By Sgt. Rebekah Malone, 225th Eng. Bde. PAO, MND-BMarch 8, 2009
BAGHDAD - As security stabilizes, the Iraqi Army engineers are asking questions that only a year ago seemed far from anyone's thoughts.
How will we get the hundreds of new engineer troops trained' When will we get our equipment fielded'
Leadership of the 225th Engineer Brigade, 1st Cavalry Division, Multi-National Division-Baghdad, met with the 6th Iraqi Army Engineer Regiment Commander Col. Ahmed Saddam March 4, at Al Muthana Airfield, Baghdad, to address these issues that will either hinder the success of, or establish credibility for, the IA engineers in the days after the Coalition forces withdraw.
"These questions are very important to you, so they are very important to me," explained Brig. Gen. Owen Monconduit, commander of the 225th Eng. Bde.
Ahmed briefed Monconduit on some of his missions since their last meeting, highlighting gains in mobility which the people of Baghdad appreciate.
"We've been focused on opening a lot of roads in Baghdad due to improved safety," Ahmed explained. "The list of roads, some are already finished, some are still being worked on."
Ahmed explained collaboration with the Baghdad Provincial Council provided a crane to lift the concrete barriers from the roads because the crane he had was too small to lift the barriers.
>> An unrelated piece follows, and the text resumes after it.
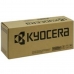 Тонер Kyocera 1T02Y80NL0 Чёрный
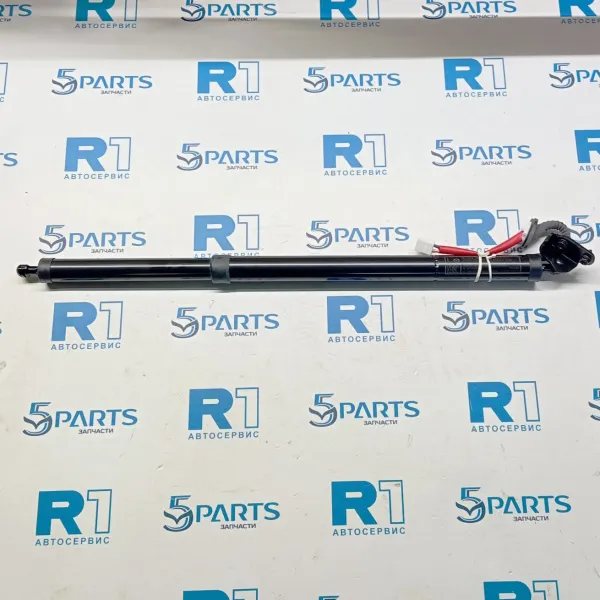 Амортизатор крышки багажника электрический левый CX-5 (KF) 2017-2022 купить в Москве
Struggles any military faces, including funding, equipment shortages and transportation of supplies were emphasized repeatedly by the Iraqi commander.
"We relied on Americans to provide the parts," he said. "What is our next step, instead of having the Americans provide the parts'"
With the 19-month timeline on everyone's mind, Ahmed intends to maximize training opportunities on construction missions before the American forces are significantly reduced next August.
"I've spent 26 years in the Iraqi Army. I have gained more experience in the last four or five years, than in the previous 20," he said.
Within the month, the IA engineer plan will add an additional 400 new Soldiers to their ranks, he explained. Training the Soldiers on carpentry, masonry and other engineering skills is crucial to the long-term success of the IA engineers.
"I taught the Soldiers to do things on their own without supervision. I've shown them how to work, like the Americans," Ahmed said.
Training needs have not gone unnoticed by Lt. Col. Matthew Zajac, commander of the 46th Engineer Battalion, 225th Eng. Bde., from Fort Polk, La. Since last July, Zajac's Soldiers have worked side-by-side with the Iraqi Engineers to give hands on training to Soldiers that have limited experience and formal training.
Zajac explained the Iraqi Army has only recently had the luxury to concern themselves with jobs other than security missions, such as building maintenance and concrete operations. He said significant progress will be made once the unit receives the authorized engineering equipment package this summer.
"The greatest boost will occur August 2009, when they receive unit sourcing of equipment ... they will be able to do their job," said Zajac. "There's a lot of latent skill within the IA Engineers."
"The willingness to work with us has always been there," he continued. "With respect to the Security Agreement and troop withdraw ... newer units realize there's a limited time to benefit from our experience and example."
Monconduit told the Iraqi engineers that training on the equipment they will receive in August is paramount to their success.
"Partnership is a team effort; ... we want to enable you to be highly capable to perform engineering operations," Monconduit said. "Like an agreement, you send Soldiers to [training], and fielding [of engineer equipment] will be realized in August."
The partnership between Iraqi and U.S. engineers has the same goal: solve the training and equipment tribulations restricting growth of IA's skill set in engineering capacity.
"If you are trained as a plumber, but don't have a plumber's tool kit ... your new skills will fade quickly," Zajac said.